> _Records shown_:

........

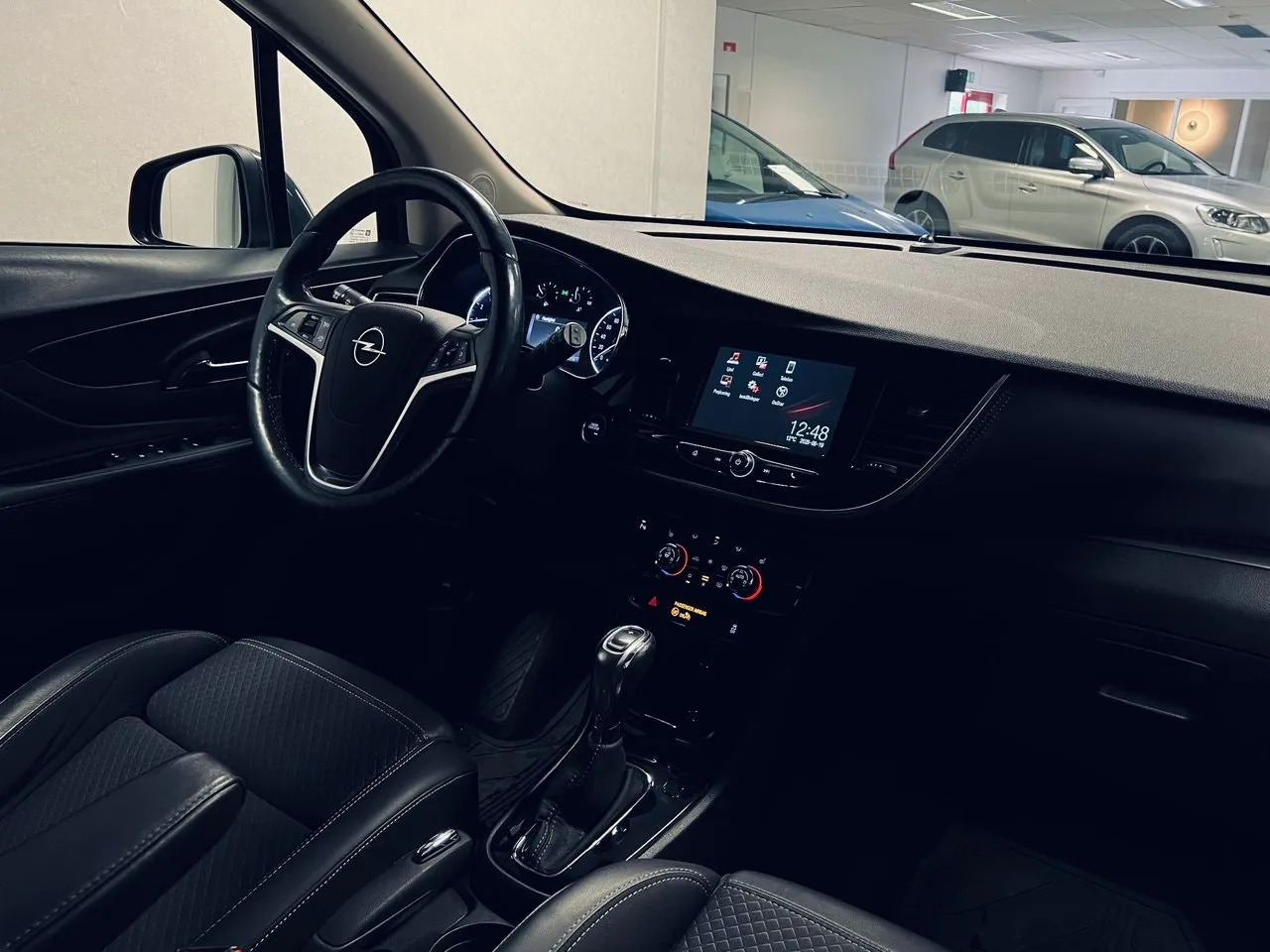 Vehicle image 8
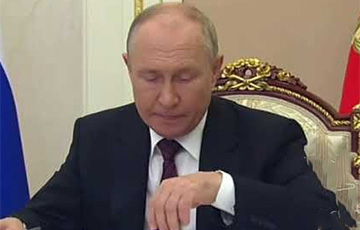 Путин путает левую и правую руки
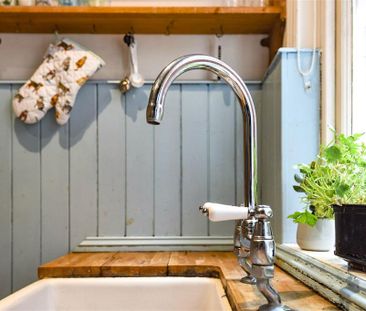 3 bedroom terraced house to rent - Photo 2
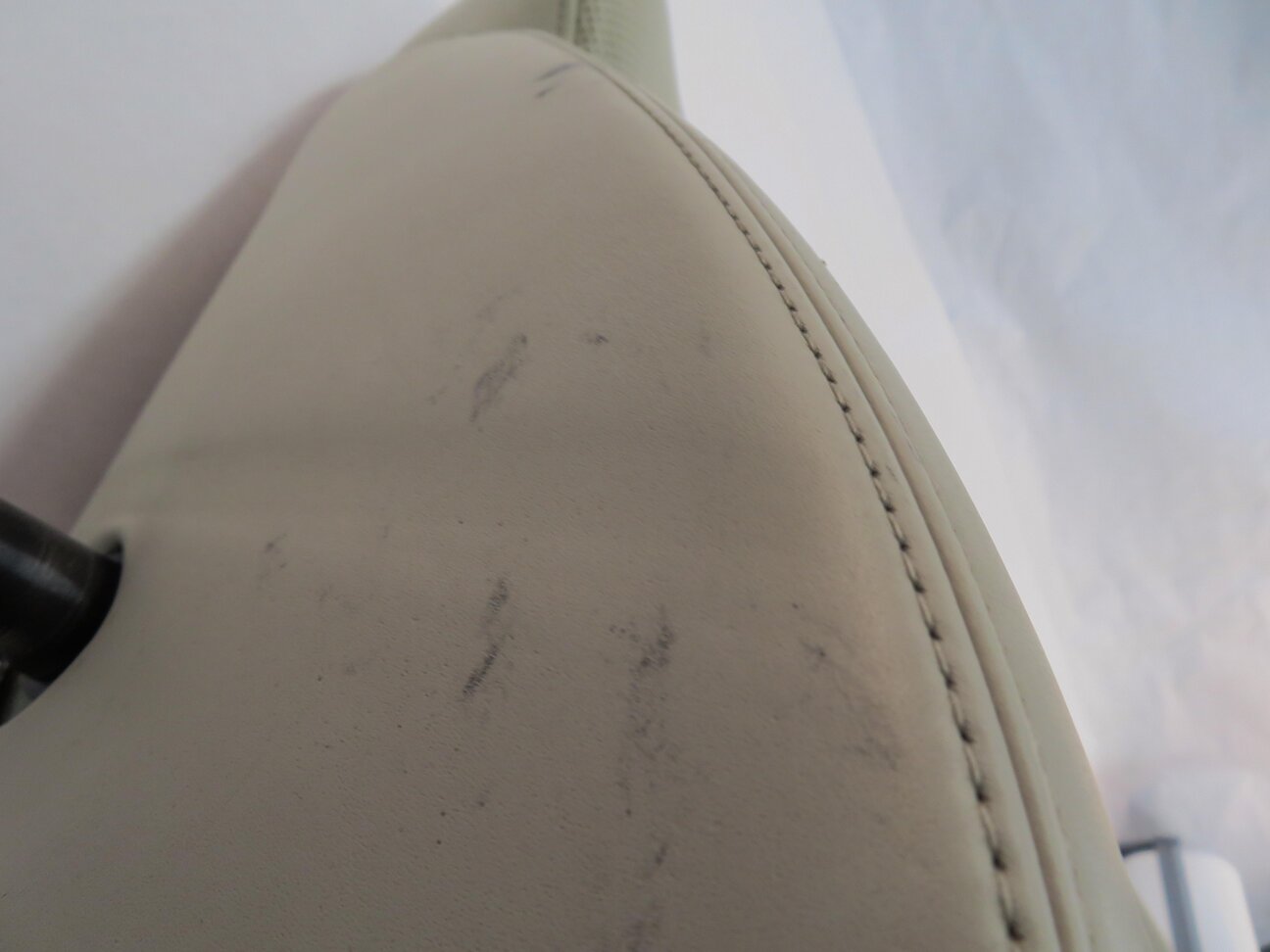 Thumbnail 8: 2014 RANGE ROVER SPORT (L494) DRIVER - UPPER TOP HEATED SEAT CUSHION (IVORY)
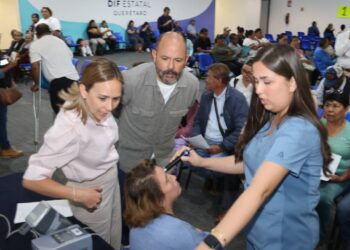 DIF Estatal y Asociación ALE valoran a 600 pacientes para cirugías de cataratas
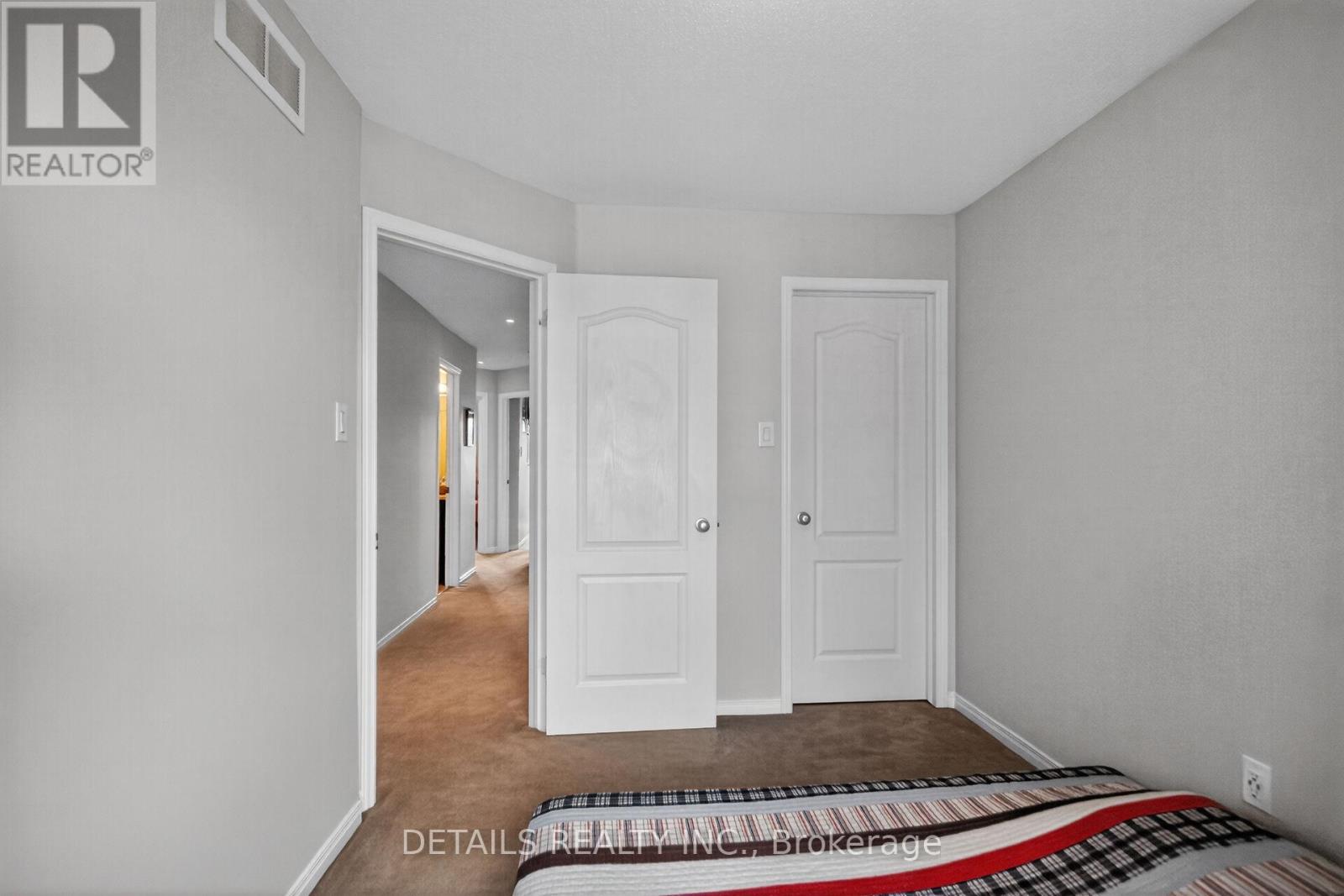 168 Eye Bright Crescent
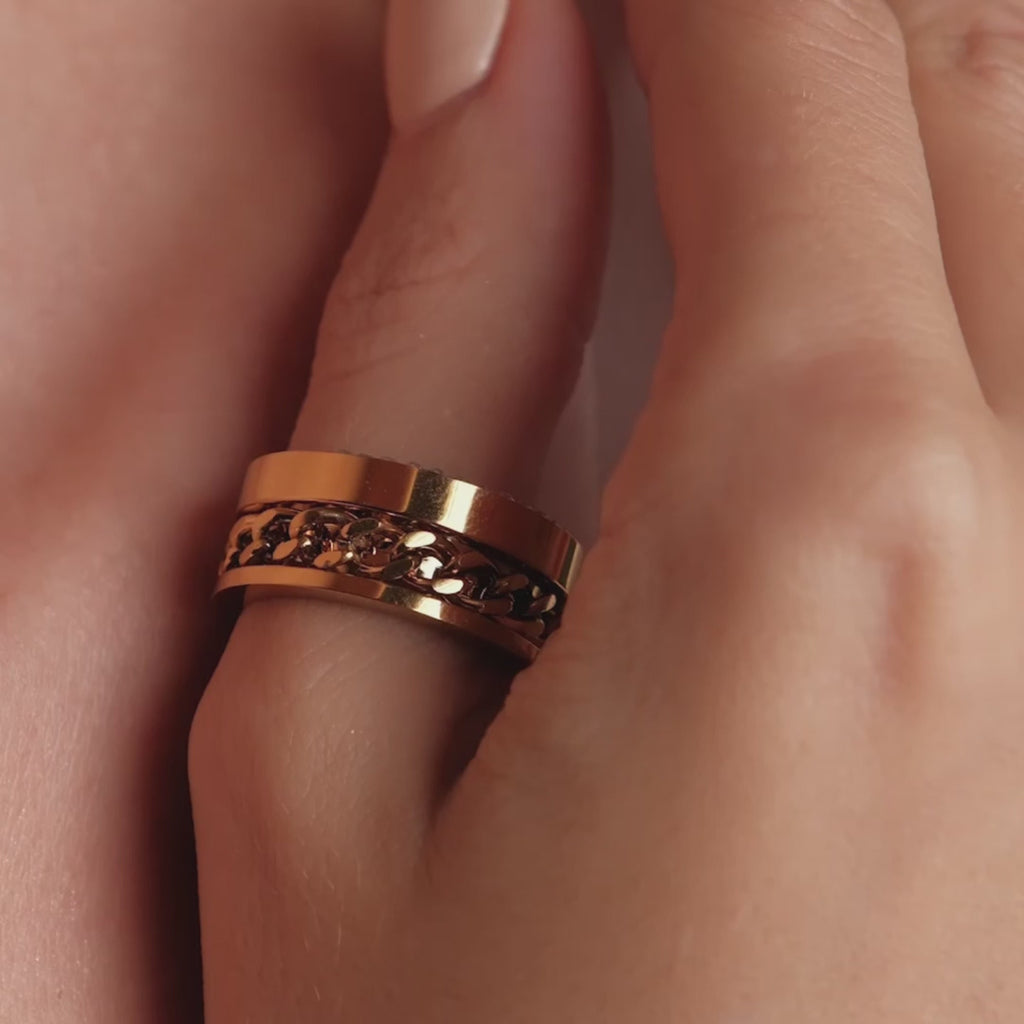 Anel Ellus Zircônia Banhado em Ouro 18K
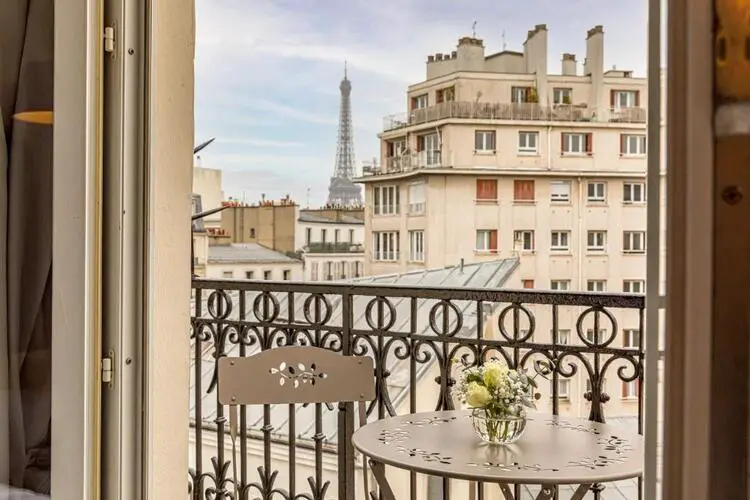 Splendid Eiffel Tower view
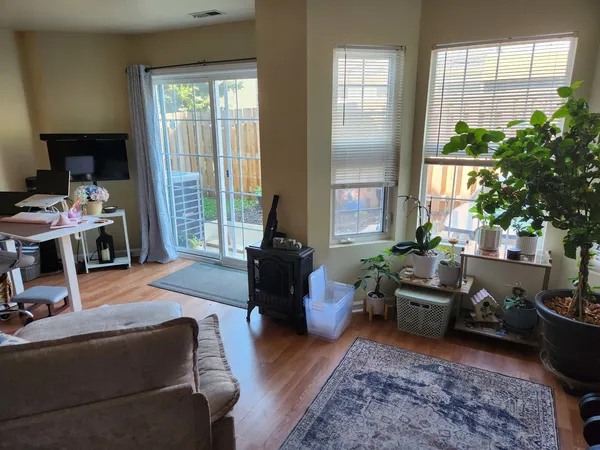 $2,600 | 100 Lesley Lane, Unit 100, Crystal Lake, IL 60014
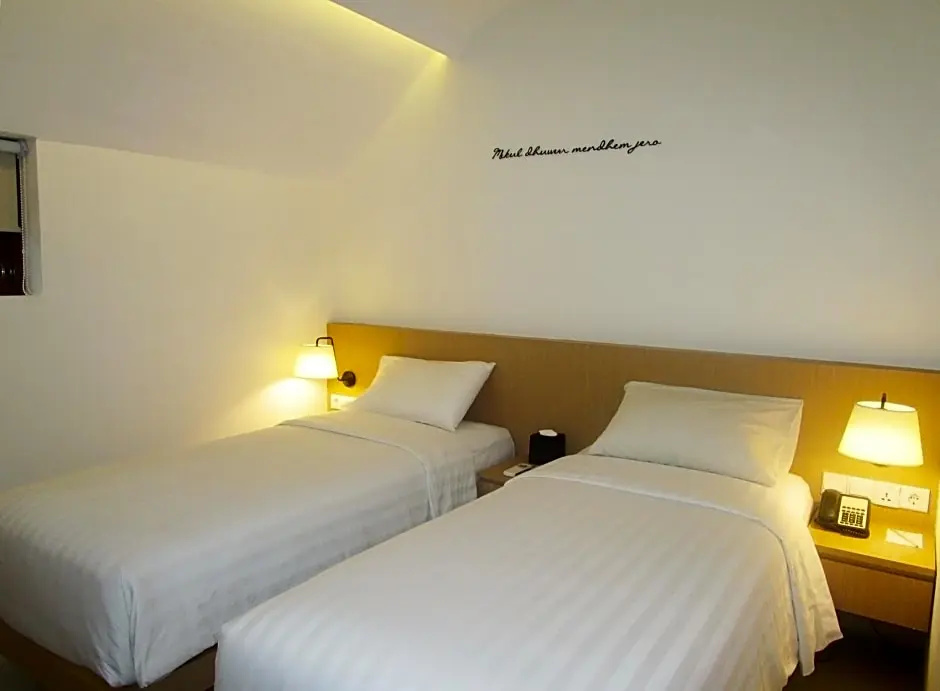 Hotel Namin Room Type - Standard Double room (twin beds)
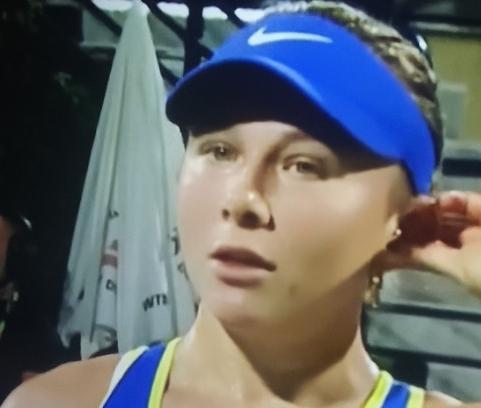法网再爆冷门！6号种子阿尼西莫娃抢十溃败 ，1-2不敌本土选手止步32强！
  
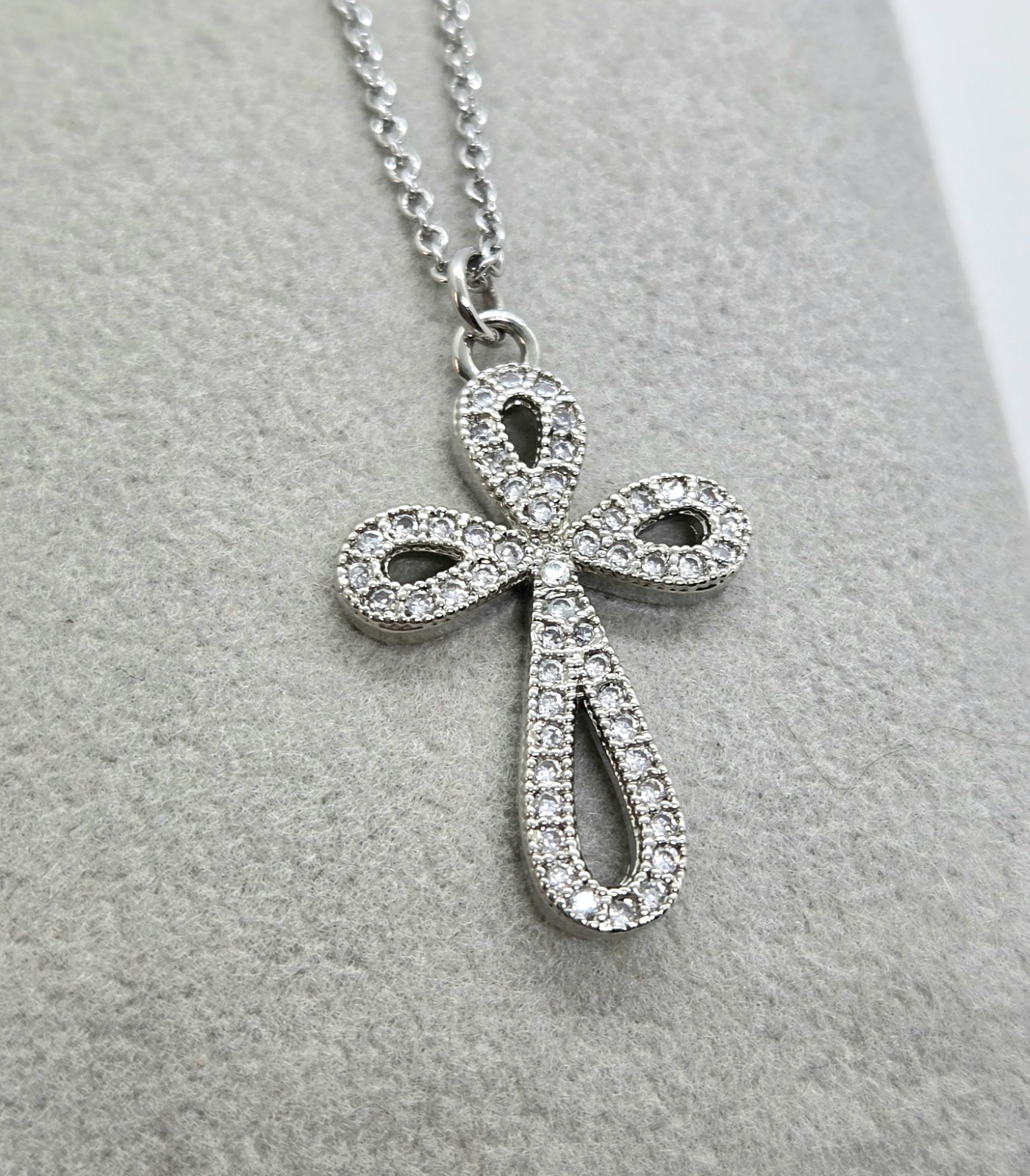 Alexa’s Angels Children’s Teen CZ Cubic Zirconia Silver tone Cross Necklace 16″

........

Repeat each of the entries above exactly, but do not carry over the pictures.

 Vehicle image 8
 Путин путает левую и правую руки
 3 bedroom terraced house to rent - Photo 2
 Thumbnail 8: 2014 RANGE ROVER SPORT (L494) DRIVER - UPPER TOP HEATED SEAT CUSHION (IVORY)
 DIF Estatal y Asociación ALE valoran a 600 pacientes para cirugías de cataratas
 168 Eye Bright Crescent
 Anel Ellus Zircônia Banhado em Ouro 18K
 Splendid Eiffel Tower view
 $2,600 | 100 Lesley Lane, Unit 100, Crystal Lake, IL 60014
 Hotel Namin Room Type - Standard Double room (twin beds)
法网再爆冷门！6号种子阿尼西莫娃抢十溃败 ，1-2不敌本土选手止步32强！
  
 Alexa’s Angels Children’s Teen CZ Cubic Zirconia Silver tone Cross Necklace 16″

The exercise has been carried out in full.